Directions
In the records below, repeat exactly the lines between the line holding "Trust 615021 Voedselcontainer - 150L" and the line holding "The Double Life", inclusive, and drop the pictures.

The data
•••
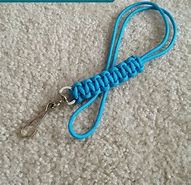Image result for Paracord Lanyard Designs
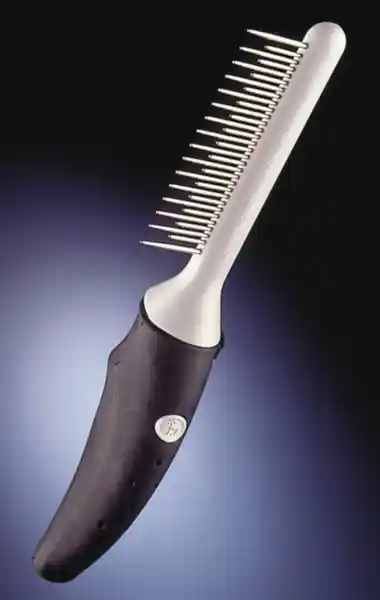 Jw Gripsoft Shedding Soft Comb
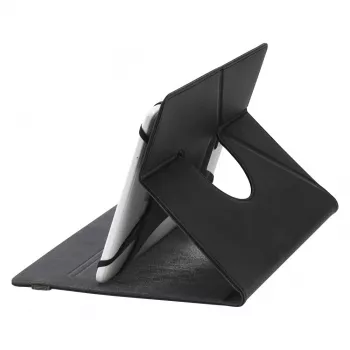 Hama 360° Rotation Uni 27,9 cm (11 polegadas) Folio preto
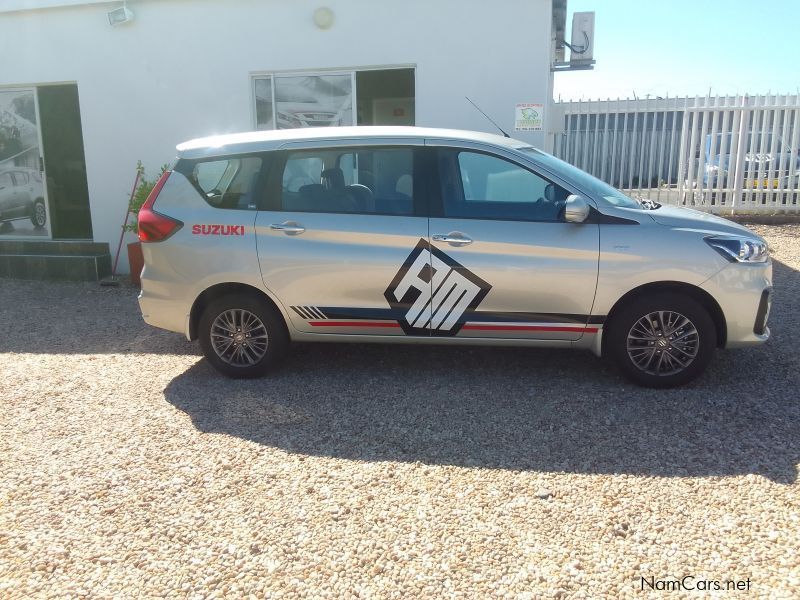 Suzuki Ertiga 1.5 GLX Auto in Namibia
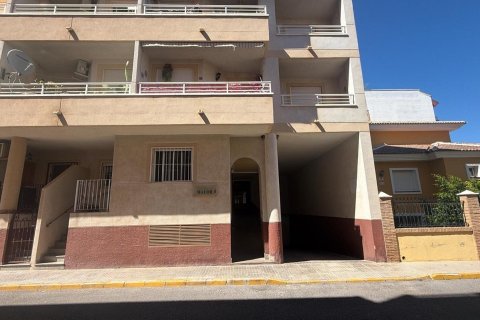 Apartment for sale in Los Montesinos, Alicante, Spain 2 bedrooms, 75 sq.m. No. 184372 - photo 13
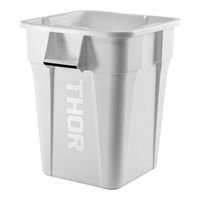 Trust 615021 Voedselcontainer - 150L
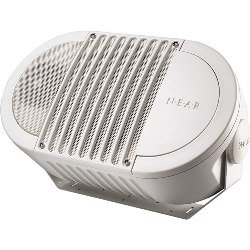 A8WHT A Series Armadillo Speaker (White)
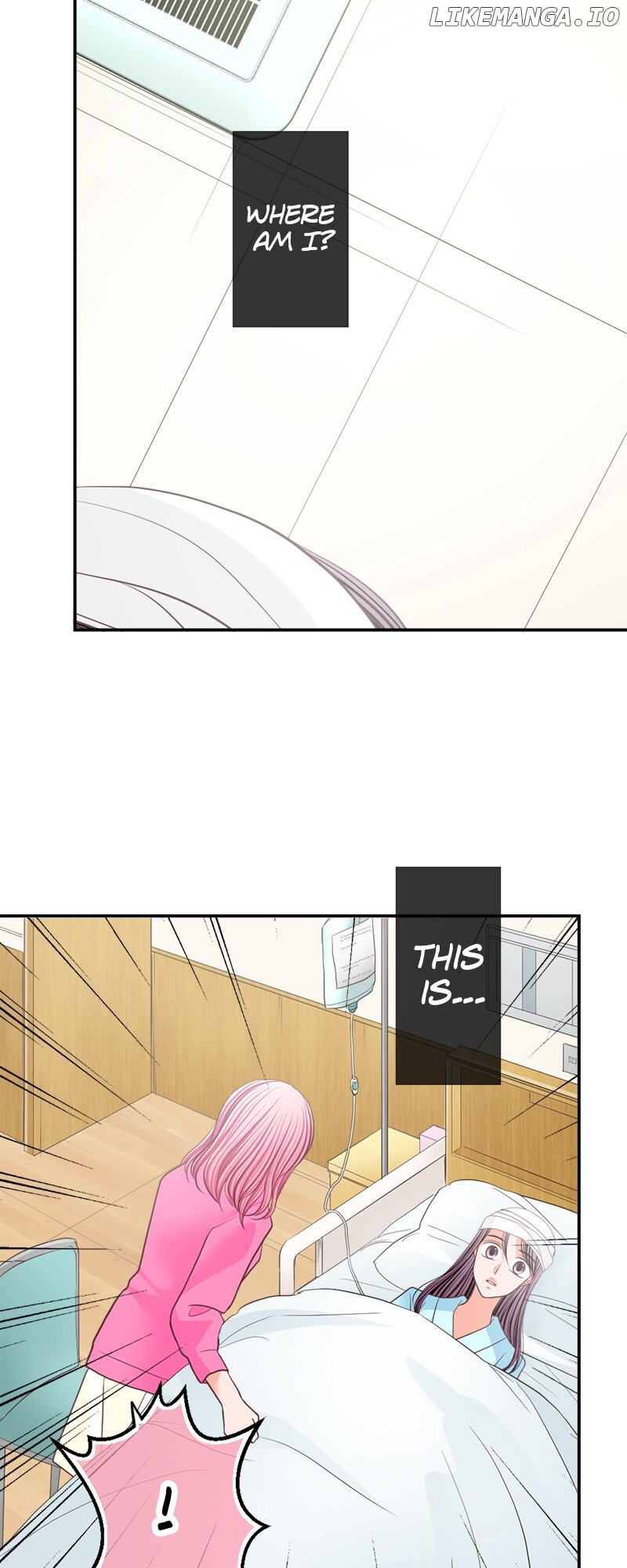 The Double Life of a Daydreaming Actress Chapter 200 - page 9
•••
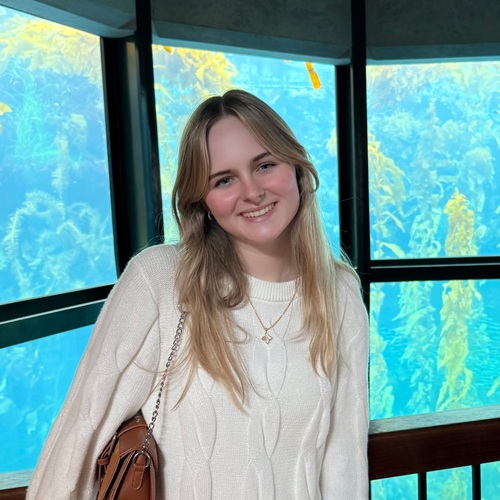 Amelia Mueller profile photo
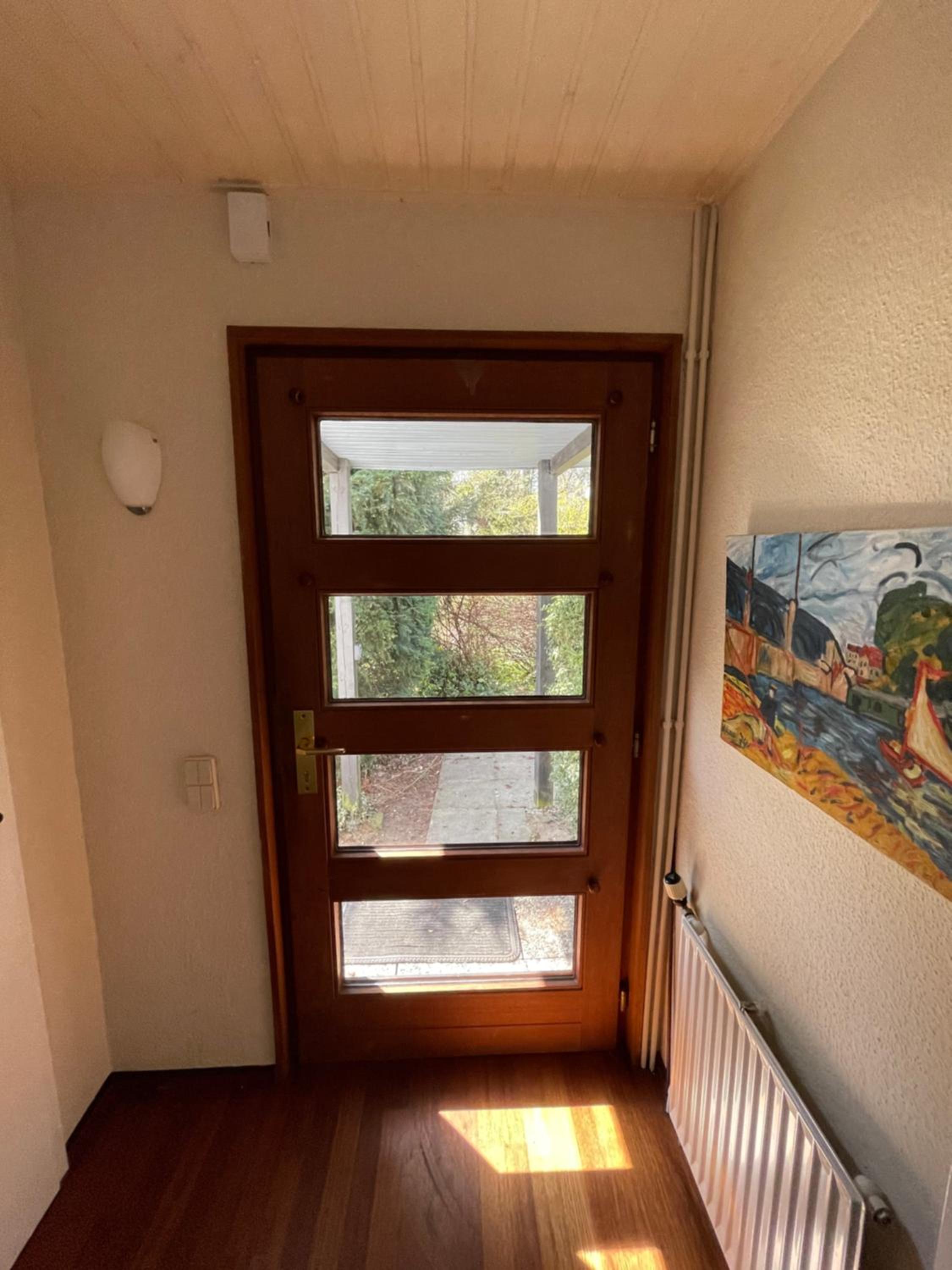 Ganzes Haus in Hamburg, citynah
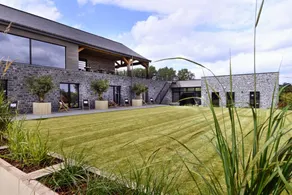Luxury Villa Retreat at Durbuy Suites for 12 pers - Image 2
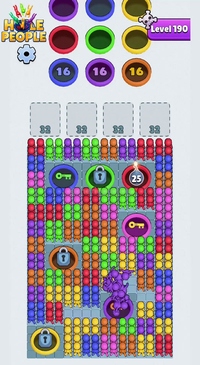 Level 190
•••
Written response
 Trust 615021 Voedselcontainer - 150L
 A8WHT A Series Armadillo Speaker (White)
 The Double Life of a Daydreaming Actress Chapter 200 - page 9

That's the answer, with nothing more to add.